When Sen. Tom Daschle (D-SD) lost his reelection bid in 2004, he joined law and lobbying firm Alston & Bird as a “special policy adviser.” According to the law at the time, Daschle could not become a lobbyist until 1 year after leaving the Senate. This is perhaps what prompted Daschle to assume a role as a special policy advisor, rather than register as a lobbyist. He stuck with this role though, refusing to register as a lobbyist for a decade while insisting his job was not lobbying, but instead focused on strategic analysis of how best to get a client’s legislative goals enacted. Eventually, Daschle did formally register as a lobbyist, but his avoidance of this official registration as a lobbyist led to the naming of such maneuvering as the Daschle loophole.
Congress has attempted to fix the revolving door between government and private industry lobbying in the past, but has precious little to show for it as lobbying remains a lucrative and easily accessible industry for former government officials. Some politicians have pushed for solutions to this corruption, such as Rep. Rod Blum (R-Iowa), who proposed the No Golden Parachutes for Public Service Act to ban congressmen from ever becoming lobbyists after leaving office. This bill didn’t move anywhere in Congress. The failure of such a bill to successfully become law likely has something to do with how popular it is for former members of Congress to enter lobbying. The Center for Responsive Politics found that of the members of the 112th congress (in session 2011-2013) who had found new employment since leaving congress, roughly two-thirds had entered the lobbying industry. Officials have little incentive to make drastic changes to the process as such changes would hurt those officials.
Approaches such as Blum’s may prove politically popular with constituents and sound good at face value, but it would only prove so effective. Former government officials do not need to formally register as lobbyists if they spend less than one-fifth of their time preparing for or meeting with government officials, or make less than $5,000 a quarter lobbying, or contact only 1 government official pursuant to the Lobbying Disclosure Act. Therefore, former congressmen can and, in fact, already are avoiding restrictions on lobbying by working as unregistered lobbyists in the shadows of public knowledge by simply staying just outside the strict definitional boundaries of what constitutes lobbying according to the Lobbying Disclosure Act.

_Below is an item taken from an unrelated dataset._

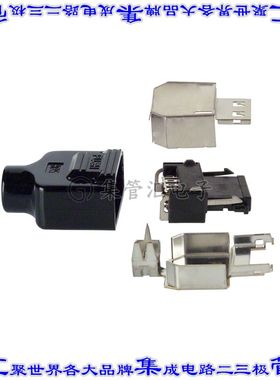 3240-8P-C(50) 矩形连接器8POS插头0.8mm外罩触点黑色焊接镀金自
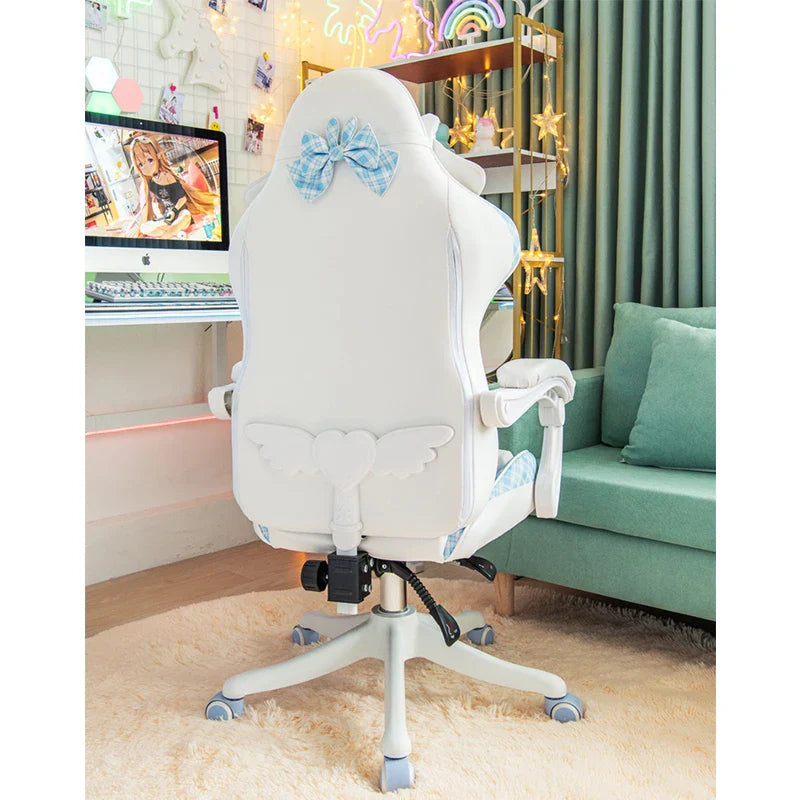 Cute Girl Gaming Chair New Fashion Bow Tie Computer Chair Net Red Anchor Game Chair Comfortable Reclining 360° Swivel Chair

Unfortunately, many actions taken by legislators and presidents to counteract lobbying may simply be driving it underground rather than truly combating anything. The Lobbying Disclosure Act and the Daschle loophole provide a mechanism by which lobbyists can effectively avoid registration as a lobbyist. Trump has issued an executive order placing a five year ban on any appointees lobbying the executive agency they had served in. This is an alteration of a similar policy under Obama. Obama’s executive order applied almost the same ban, but lasted only two years. Trump’s order also imposes a lifetime ban on lobbying for foreign governments. Nonetheless, Trump’s efforts to further combat lobbying will likely continue the current trend of sending lobbyists underground. Former government officials will skirt past these bans through the Daschle loophole and go underground as shadow lobbyists. This shrouds lobbying activities from public scrutiny as non-registered lobbyists don’t need to publicize their activities.

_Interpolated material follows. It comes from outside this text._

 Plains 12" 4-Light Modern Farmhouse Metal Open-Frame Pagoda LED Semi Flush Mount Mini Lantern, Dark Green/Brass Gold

How large is the lobbying industry though? Well, that depends on what we define as the lobbying industry. The number of registered lobbyists peaked at 14,822 in 2007, but has since declined to 11,143 in 2016. Lobbying is officially a three billion dollar industry, but at least one estimate on its actual size places the true value of the industry around nine billion. That is a concerning level of influence peddling going unreported and underground.

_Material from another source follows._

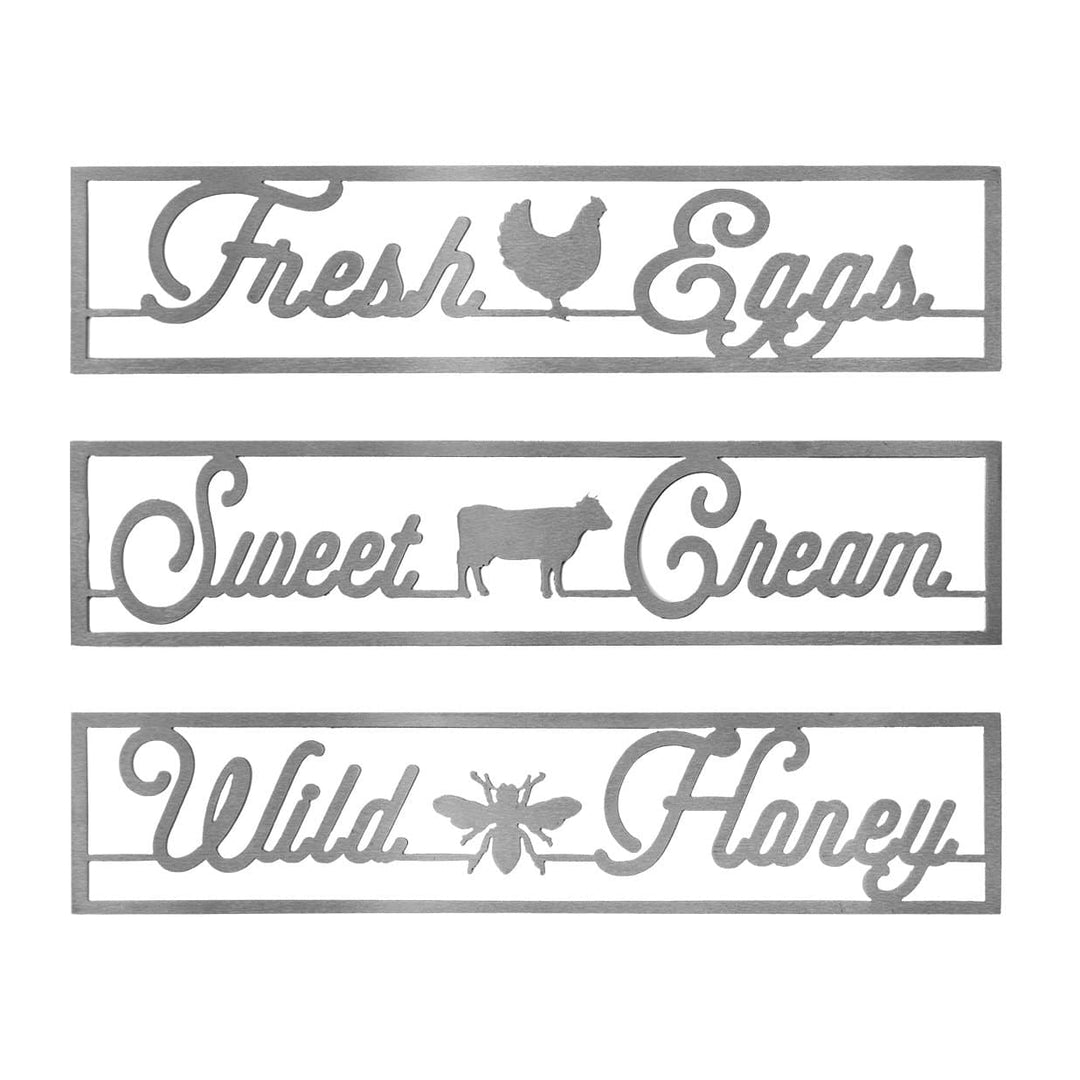 Farm Life Collection - Metal Chicken, Cow, and Bee Decorative Signs Image 4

In order to fight this shadow lobbying, changes to current law may prove necessary, but there is likely little way to completely close the loophole and prevent individuals from skirting regulation. Even if the 20 percent threshold for lobbying were dramatically reduced, individuals could still claim they weren’t really lobbying or that they were still underneath the threshold. It seems that to fight this sort of evasiveness, an agency would need to be set up or tasked with preventing lobbyists from being allowed to operate while remaining unregistered. Of course, setting up such an agency or force tasked with the resources necessary for this enforcement would face stiff opposition and would obviously require funding which would require a contentious fight in congress. Perhaps the best we can do currently is to try to balance transparency goals with concerns about the corruption of the revolving door between government and lobbying. Enforce full transparency from registered lobbyists and prevent them from giving gifts to politicians, but we should reconsider the effectiveness of our current trend toward outright bans on lobbying, as it tends to result in lobbying in the shadows. Instead we should simply opt for an open and transparent lobbying system where lobbyists are not unduly punished or outright prevented from registering as lobbyists through ham-handed bans. Lobbyists should be allowed, and indeed forced, to register as lobbyists, but should also be expected to provide full disclosure documenting their interactions with government. There also needs to be meaningful enforcement of the rules guiding disclosure of lobbyist activities.